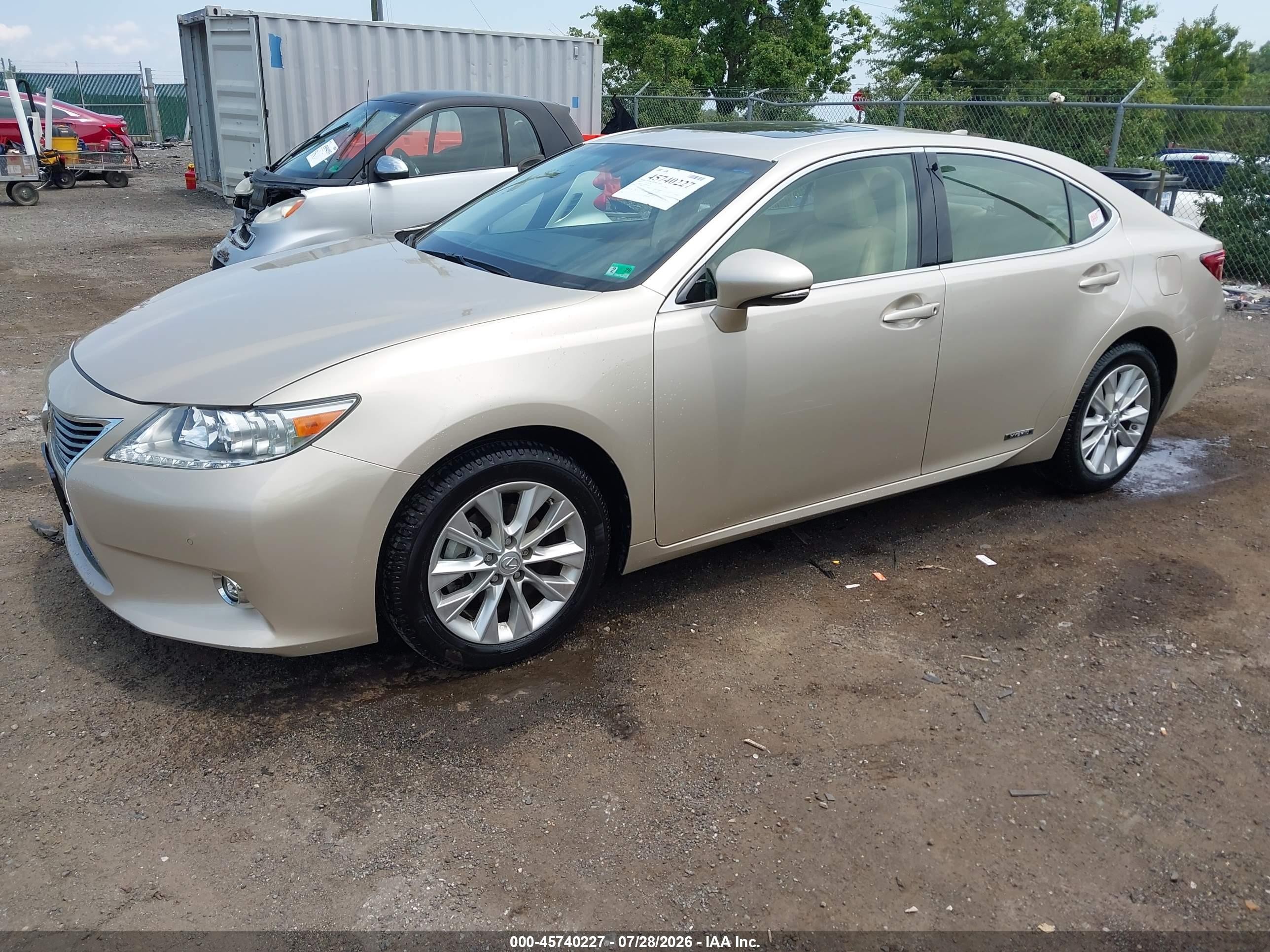 2015 Lexus Es 300h   Champagne vin: JTHBW1GG9F2094360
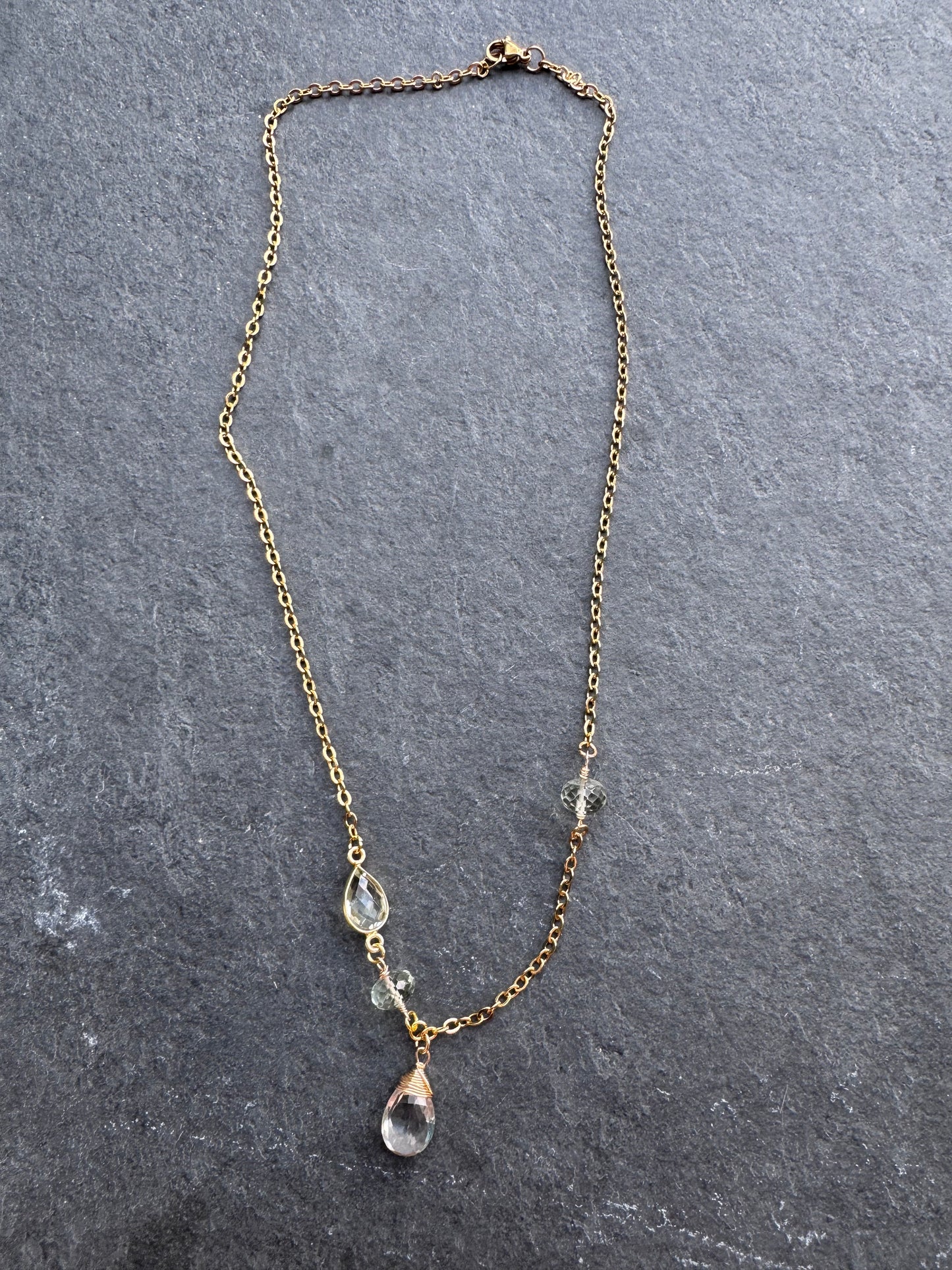 Green amethyst gemstone, vermeil and 14 k gold metal chain, necklace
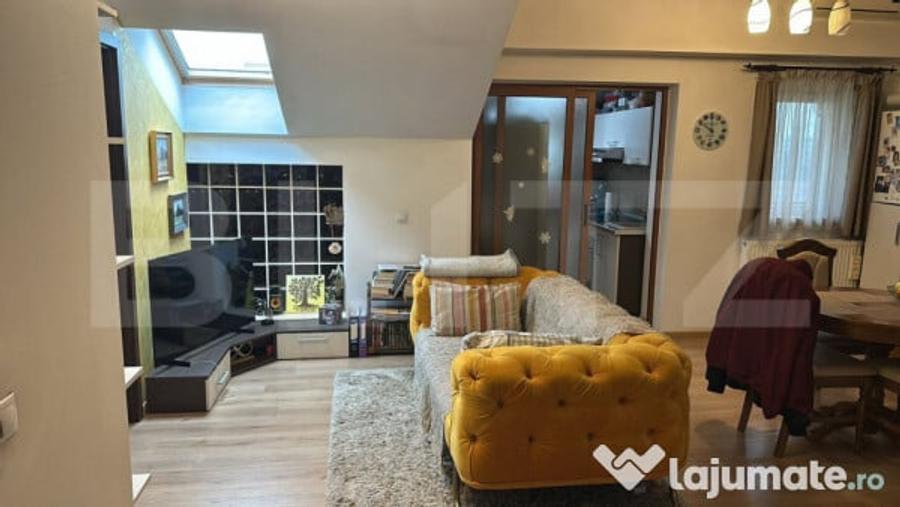 Apartament cu 3 camere semidecomandat în Semicentral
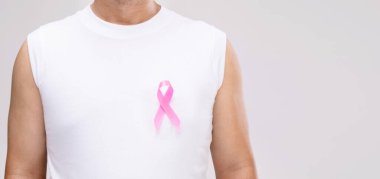 Meme kanseri erkek konsepti: Portre Asyalı adam ve pembe kurdele göğüs kanseri kampanyasının sembolü. Stüdyo çekimi gri arkaplanda izole edildi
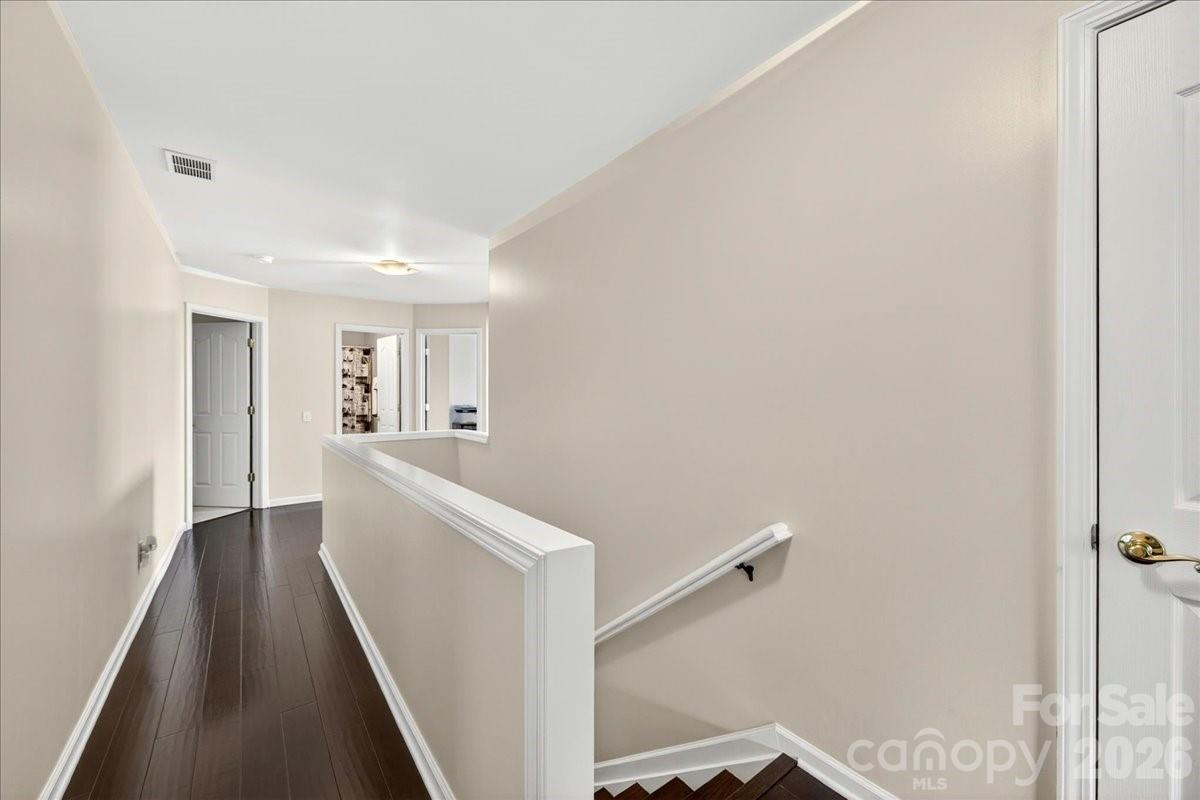 10604 Knight Castle Drive #60 — Charlotte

******************************

→ **Exercise**: When printing the entries, leave out the images and keep everything else exact.

→ **Response area**:
 2015 Lexus Es 300h   Champagne vin: JTHBW1GG9F2094360
 Green amethyst gemstone, vermeil and 14 k gold metal chain, necklace
 Apartament cu 3 camere semidecomandat în Semicentral
 Meme kanseri erkek konsepti: Portre Asyalı adam ve pembe kurdele göğüs kanseri kampanyasının sembolü. Stüdyo çekimi gri arkaplanda izole edildi
 10604 Knight Castle Drive #60 — Charlotte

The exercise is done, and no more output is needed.